それは<南スーダンに派遣された自衛隊部隊の昨年夏の「日報」>が戦闘状態にある事実を具体的に記述していたのを、ないものにしようとした防衛省はじめ政府のあり方と同一の根深い問題を感じます。

 

もう少し加藤評釈を引用させてもらいます。

<本書の中核をなしたものは、仲間の命を奪われた隊員らが保管してきた原史料や記録だった。彼らも一時は死を覚悟し、「正確にこのこと(現地の状況)だけは伝えよう」と互いに励まし合い、覚悟の上で記録を残していた。>というのです。

 

むろん公式記録ではないのです。日報はどうなったのでしょう。自衛隊員とは違いますが、日報は表現はいろいろな名称があると思いますが、なんらかの職務で仕事をする場合に最低限度の必須の仕事・作業でしょう。まして国連の重大な職務として派遣されているわけですから、公式に日報を日々作成すること、報告することは基本中の基本だったはずです。それは一体どうなったのでしょう。おそらく隊員たちが正確な記録を残すために書いた原資料と異なる、表向きの現地状況や作業内容を書いた、隠された事実の報告にとどまっているのではないかと思います。それが公式記録として現在も残っている、いやすでに廃棄してしまったのでしょう。

 

著者の乾坤一擲の思いで番組を作り上げたのも、この著作を書き上げたのも、加藤氏の次の引用から、こういった隊員たちの思いを受けて、NHK内外の圧力に打ち勝てたのではないかと思うのです。

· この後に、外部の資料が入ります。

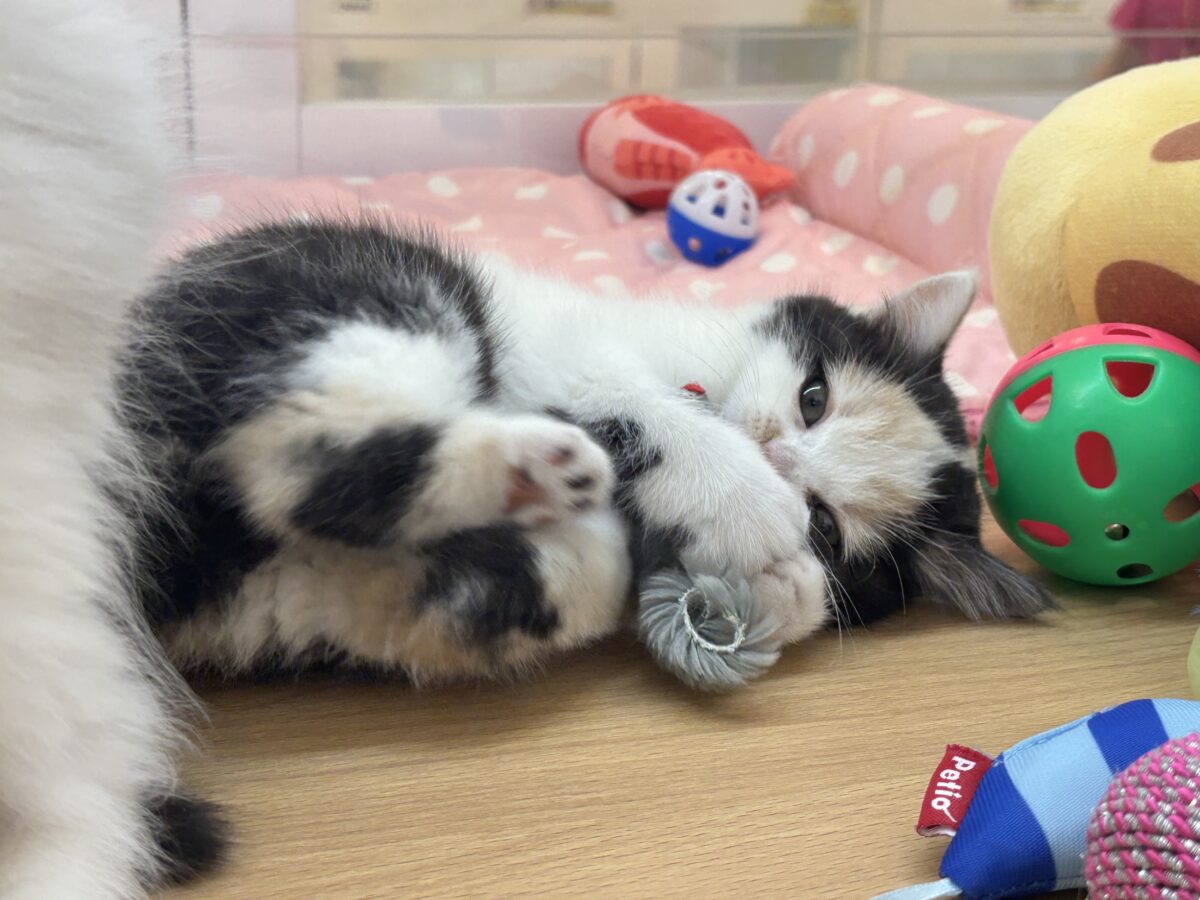 ミックス猫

<著者の旗手啓介が番組を作ろうと決意した動機も、文民警察隊長だった山崎裕人から、当時の手記や報告書を提供されたことにある。政府が公文書を適正に保存しないのみならず、廃棄する事例に事欠かない日本では、歴史の検証は困難を極める。それを思えば、本書の大事さが身にしみてよくわかる。>

 

一人の隊員の犠牲が真実から隠されたという憤激があるのではないかと思います。これは番組を見ていた私の気持ちも強く隊長たちの気持ちに揺り動かされました。

<命を奪われた仲間とは、93年5月4日、対戦車砲と自動小銃を持つ「正体不明」の武装勢力に襲撃され、死亡した高田晴行警部補をさす。高田を襲撃した相手はわかっているが、UNTACと政府は正体不明にこだわる。>

 

加藤氏が事実隠蔽の構造について、PKOの派遣の目的・前提要件として、本書を通じてわかりやすく解説しています。

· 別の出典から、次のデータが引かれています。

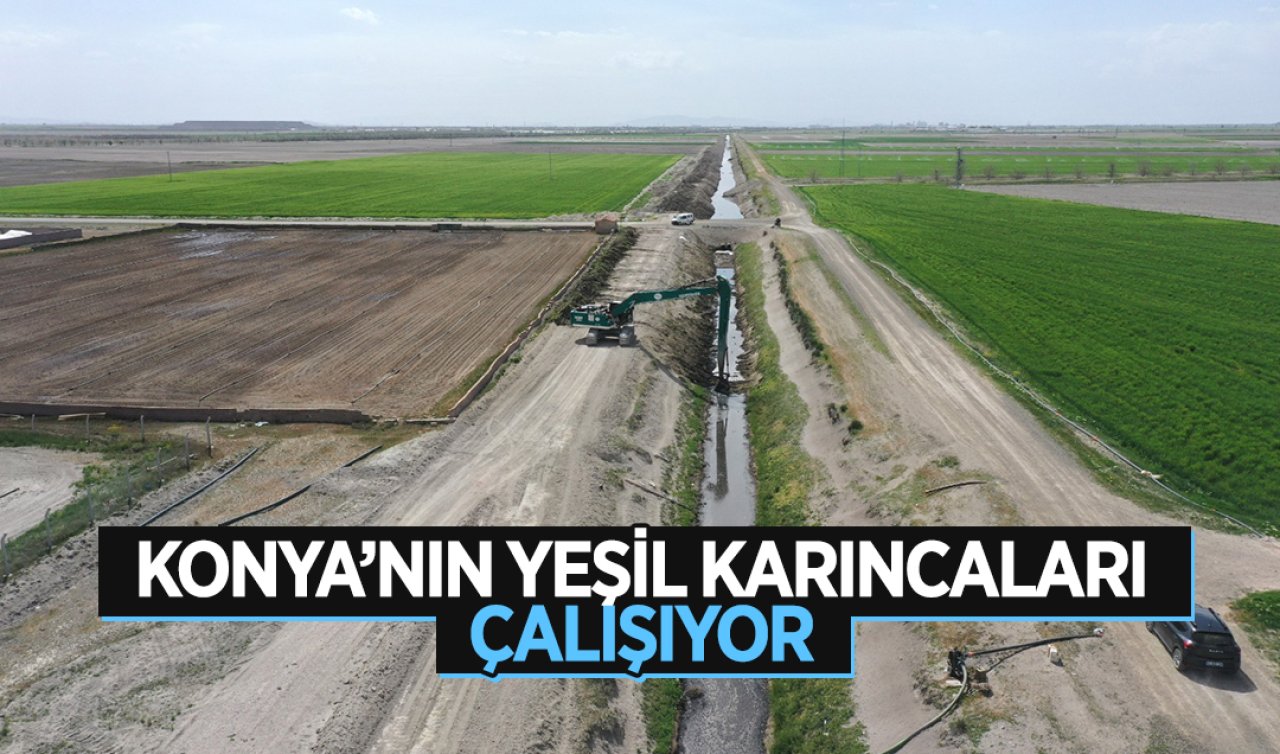 Konya’da yeşil karıncalar çalışıyor! 7 bin metrelik kısmın 2 bin 800’ü tamam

<選挙と戦場。この二つは本来両立しないはずだ。PKOが可能なのは、PKO参加五原則のうち、(1)紛争当事者間で停戦合意が成立している、(2)紛争当事者の受け入れ合意がある、この2条件を満たす場所だ。だがカンボジアは、ある時点から、この条件を満たさない場所へと変貌を遂げていた。>

 

パリ協定の停戦合意が国内全域で成立していたわけでなく、一番危険なポル・ポト派が支配する領域では有名無実化していたというのです。しかし、このようなことは慎重に調査・検討すれば、容易に予測できますし、戦闘状態があり停戦合意が破棄されていることが確認されれば、撤退の大勢を整えておくべきことだったはずです。

<パリ協定に調印し、停戦に合意したのは四つの陣営だった。その最大勢力がプノンペン政府軍派であり、残りの反政府三派の一つがポル・ポト派だった。ポト派といえば、70年代半ば、一時的に政権を掌握した際、800万人の自国民のうち100万~200万人を虐殺と餓えで死に追いやった一派にほかならない。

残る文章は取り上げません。